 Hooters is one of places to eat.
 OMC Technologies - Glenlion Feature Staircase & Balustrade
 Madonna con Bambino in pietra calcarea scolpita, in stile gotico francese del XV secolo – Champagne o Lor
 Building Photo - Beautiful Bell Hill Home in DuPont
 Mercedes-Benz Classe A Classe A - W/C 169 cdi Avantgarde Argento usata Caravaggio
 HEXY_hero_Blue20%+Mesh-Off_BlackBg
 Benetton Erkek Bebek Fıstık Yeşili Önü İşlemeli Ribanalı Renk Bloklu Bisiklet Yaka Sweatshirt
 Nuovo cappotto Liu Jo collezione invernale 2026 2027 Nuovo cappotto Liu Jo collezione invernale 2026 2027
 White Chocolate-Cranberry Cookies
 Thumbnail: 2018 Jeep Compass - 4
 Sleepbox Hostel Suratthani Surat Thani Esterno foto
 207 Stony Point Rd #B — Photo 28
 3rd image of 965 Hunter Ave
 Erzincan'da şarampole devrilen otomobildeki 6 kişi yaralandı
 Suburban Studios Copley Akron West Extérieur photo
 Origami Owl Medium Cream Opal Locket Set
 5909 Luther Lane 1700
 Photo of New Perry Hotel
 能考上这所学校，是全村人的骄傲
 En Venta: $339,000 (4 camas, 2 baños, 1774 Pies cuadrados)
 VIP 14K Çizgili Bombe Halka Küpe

□ □ □ □ □

*What the exercise asks:* Take the line that contains "Benetton Erkek Bebek" and each line after it down to the last of the records, and retype them exactly; add nothing else.

*Output of the task:*
 Benetton Erkek Bebek Fıstık Yeşili Önü İşlemeli Ribanalı Renk Bloklu Bisiklet Yaka Sweatshirt
 Nuovo cappotto Liu Jo collezione invernale 2026 2027 Nuovo cappotto Liu Jo collezione invernale 2026 2027
 White Chocolate-Cranberry Cookies
 Thumbnail: 2018 Jeep Compass - 4
 Sleepbox Hostel Suratthani Surat Thani Esterno foto
 207 Stony Point Rd #B — Photo 28
 3rd image of 965 Hunter Ave
 Erzincan'da şarampole devrilen otomobildeki 6 kişi yaralandı
 Suburban Studios Copley Akron West Extérieur photo
 Origami Owl Medium Cream Opal Locket Set
 5909 Luther Lane 1700
 Photo of New Perry Hotel
 能考上这所学校，是全村人的骄傲
 En Venta: $339,000 (4 camas, 2 baños, 1774 Pies cuadrados)
 VIP 14K Çizgili Bombe Halka Küpe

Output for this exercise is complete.